Robbins choreographed and directed on Broadway for about 20 years before returning to the world of ballet. This is his selection of some of his own best work over the period, starting with "On the Town" (1945) and ending with "Fiddler on the Roof" (1964).
Included are excerpts from shows that everybody knows ("The King and I," "Peter Pan," "Gypsy" and, of course, "West Side Story") and shows that nobody has thought about for 20 years: "Billion Dollar Baby" (1945), "Miss Liberty" (1949.)
The first lesson of the evening is that all Broadway musicals dim out in time, even the ones we think we remember. We can listen to the cast album, but how did the show look? How did it move? What was its aura?
"West Side Story," for example. It has had several not-bad revivals over the years, and everybody remembers the movie. But you haven't seen the rumble under the highway until you've seen it in the original.
We expect impact as the Jets square off against the Sharks, and Robbins' leap-frogging young dancers provide it. We note that the key-image here is the flat sweep of a switchblade knife: the rumble whirls around that, setting up subsidiary eddies of danger and then thrillingly clearing them--or intensifying them.
But we also note the number isn't really about urban warfare.
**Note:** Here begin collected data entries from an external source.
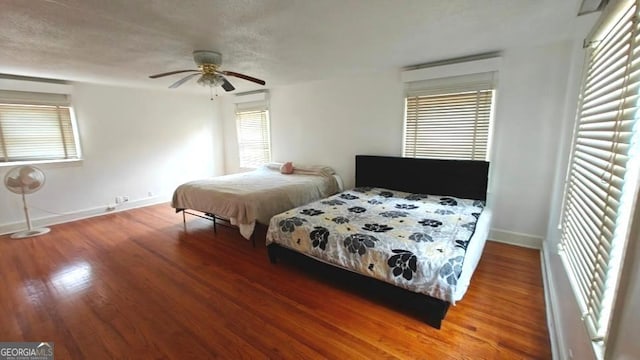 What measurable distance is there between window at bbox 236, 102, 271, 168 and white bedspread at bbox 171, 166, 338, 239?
1282mm

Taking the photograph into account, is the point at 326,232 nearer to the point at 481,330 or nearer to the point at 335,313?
the point at 335,313

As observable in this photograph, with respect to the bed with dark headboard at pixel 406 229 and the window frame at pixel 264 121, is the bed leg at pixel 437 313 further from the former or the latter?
the window frame at pixel 264 121

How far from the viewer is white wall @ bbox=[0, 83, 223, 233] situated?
4211 millimetres

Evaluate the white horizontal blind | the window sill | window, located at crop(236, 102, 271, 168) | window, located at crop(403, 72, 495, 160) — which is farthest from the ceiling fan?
the window sill

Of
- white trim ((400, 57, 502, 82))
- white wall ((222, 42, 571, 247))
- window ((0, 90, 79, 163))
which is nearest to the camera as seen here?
white wall ((222, 42, 571, 247))

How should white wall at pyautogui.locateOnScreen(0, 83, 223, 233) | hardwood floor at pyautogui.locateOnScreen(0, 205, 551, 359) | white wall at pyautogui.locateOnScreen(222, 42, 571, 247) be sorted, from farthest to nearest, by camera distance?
white wall at pyautogui.locateOnScreen(0, 83, 223, 233)
white wall at pyautogui.locateOnScreen(222, 42, 571, 247)
hardwood floor at pyautogui.locateOnScreen(0, 205, 551, 359)

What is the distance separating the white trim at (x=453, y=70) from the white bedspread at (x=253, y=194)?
6.34 ft

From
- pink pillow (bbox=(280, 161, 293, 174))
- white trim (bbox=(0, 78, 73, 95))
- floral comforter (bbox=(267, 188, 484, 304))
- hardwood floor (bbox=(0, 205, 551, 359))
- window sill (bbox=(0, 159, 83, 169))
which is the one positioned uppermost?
white trim (bbox=(0, 78, 73, 95))

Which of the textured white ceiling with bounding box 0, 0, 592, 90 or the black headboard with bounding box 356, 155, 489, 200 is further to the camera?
the black headboard with bounding box 356, 155, 489, 200

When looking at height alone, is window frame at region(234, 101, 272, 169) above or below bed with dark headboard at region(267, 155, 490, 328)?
above

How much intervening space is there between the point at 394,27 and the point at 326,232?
1894mm

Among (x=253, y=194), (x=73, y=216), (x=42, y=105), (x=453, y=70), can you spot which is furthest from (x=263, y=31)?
(x=73, y=216)

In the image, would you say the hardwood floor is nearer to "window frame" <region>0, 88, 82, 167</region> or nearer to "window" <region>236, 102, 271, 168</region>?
"window frame" <region>0, 88, 82, 167</region>

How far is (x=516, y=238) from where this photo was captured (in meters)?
3.24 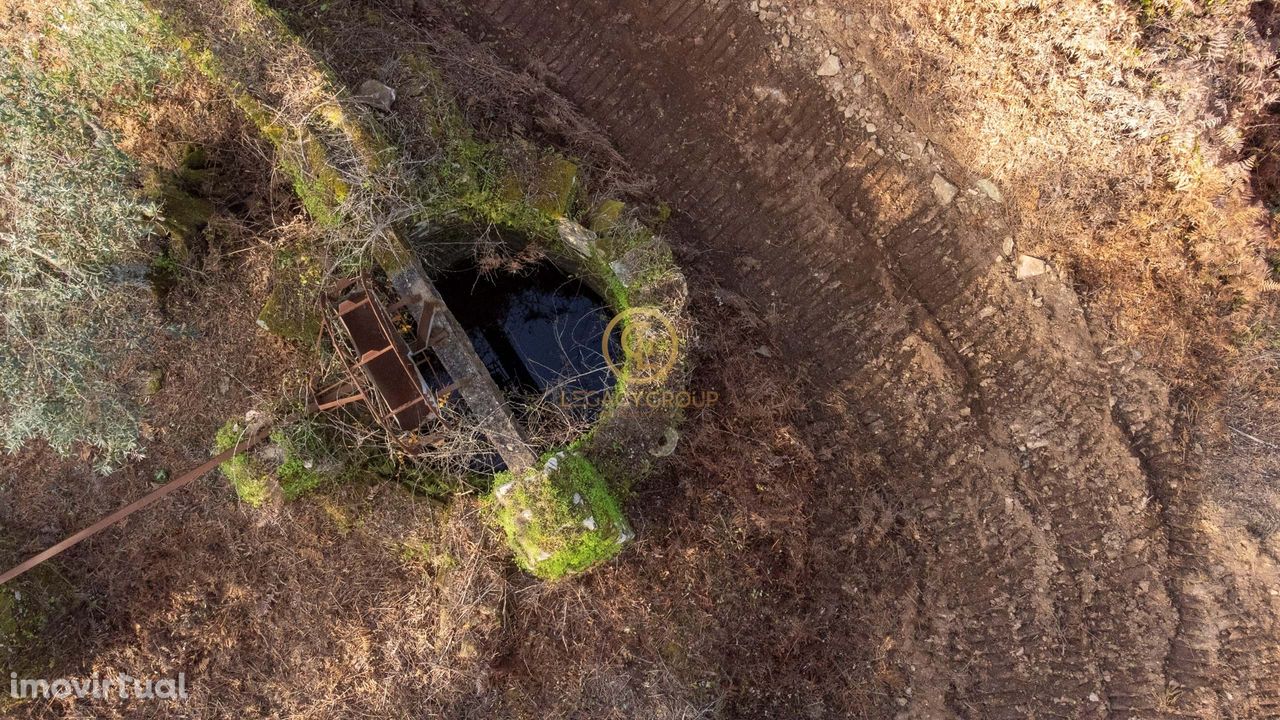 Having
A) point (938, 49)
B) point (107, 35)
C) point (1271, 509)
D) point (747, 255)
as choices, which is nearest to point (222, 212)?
point (107, 35)

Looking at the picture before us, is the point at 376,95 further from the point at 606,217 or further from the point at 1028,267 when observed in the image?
the point at 1028,267

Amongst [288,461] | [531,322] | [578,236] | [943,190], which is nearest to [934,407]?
[943,190]

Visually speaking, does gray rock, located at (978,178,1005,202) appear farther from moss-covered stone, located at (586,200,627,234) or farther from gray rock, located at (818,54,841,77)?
moss-covered stone, located at (586,200,627,234)

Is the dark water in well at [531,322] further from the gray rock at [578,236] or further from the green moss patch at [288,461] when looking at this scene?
the green moss patch at [288,461]

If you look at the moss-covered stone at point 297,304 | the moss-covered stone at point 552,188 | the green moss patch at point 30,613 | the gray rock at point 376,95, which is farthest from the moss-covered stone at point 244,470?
the moss-covered stone at point 552,188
It's about kids in sneakers going farther out than they meant to go. The rumble could be a schoolyard game that got out of hand. Besides conveying the excitement of the fight, Robbins reminds us of the vulnerability of the body.
We notice too the homage to classic ballet. It was a distraction in the movie (why are those young men doing leaps in the middle of 69th Street?) but it adds to the sense of preordained tragedy here. One section of the piece even ends with the kids bowing their heads, in something like the reverence that a dance class gives the teacher.
Theater is metaphor, and people are not made of plastic. Those are two other lessons of "Jerome Robbins' Broadway."
The evening may disappoint a generation of viewers who grew up on Michael Bennett's and Bob Fosse's shows, and who therefore equate Broadway dancing with top hats, high elbows and "attitude." For them, Robbins' dance line may seem a bit soft.
Others will welcome its grace--as in the wedding dances in "Fiddler"; as when the sailors and girls wave goodby at the end of "On the Town," as in Jason Alexander and Faith Prince's charming soft shoe to "I Still Get Jealous" from "High Button Shoes."
It's a defiantly low-tech show. The light bridge doesn't move--the dancers do. There are pauses between the numbers. When Tinker Bell appears, she's a wavering green light, not a laser beam, as in the last Sandy Duncan revival. Robbins seems to be saying: Musicals can't be selling something every minute. A show needs to breathe.
After which he hits you in the face with 15 breathless minutes of Mack Sennett comedy--everything that Gower Champion tried to do in "Mack and Mabel" and couldn't.
This is a musical that doesn't leave you hungry an hour later. But "Jerome Robbins' Broadway" also has its drawbacks. One is that Robbins seems to have selected his 55-member company for its ability to do an all-around good job (dance, sing, act) without sticking out too much as individuals.
That makes sense for an evening that covers so many periods and dance styles. But it doesn't work so well when a scene demands a star's presence, as so many of these excerpts do--the ones from "Fiddler," for example. These kids could be the bus-and-truck company, complete with stuck-on beards.
Another problem is Robbins' view of the sexes. Especially in the shows from the 1940s, males represent the human race while females tend to be played as cartoons--either funny ones or menacing ones. This is one period attitude that hasn't worn well, and it takes some of the pleasure out of the scenes from "On the Town" and "Billion Dollar Baby."
It's also disappointing that the only new Robbins number in the show is a "lost" one, entitled "Mr. Monotony." It was dropped both from "Miss Liberty" and "Call Me, Madam," for a very good reason. It's monotonous.
The finale, however, is glorious. We're back with the three sailors from "On The Town." Their shore leave is over, just as they were getting to know New York. "Oh, well," they and their girls sing--"We'll catch up some other time."
That must have been very moving during the war. It's almost as moving today. The back-curtain at the Imperial lights up with the names of all the shows that Robbins did over those 20 years, and it's as if we're slowly pulling away in the harbor from a Broadway that will never come again.
An evening of old Robbins shows is fine, but, at 70, how many more shows will he have time to do? And all of his successors are gone--Michael Bennett, Bob Fosse, Gower Champion and Ron Field. You close this memory book with a sigh.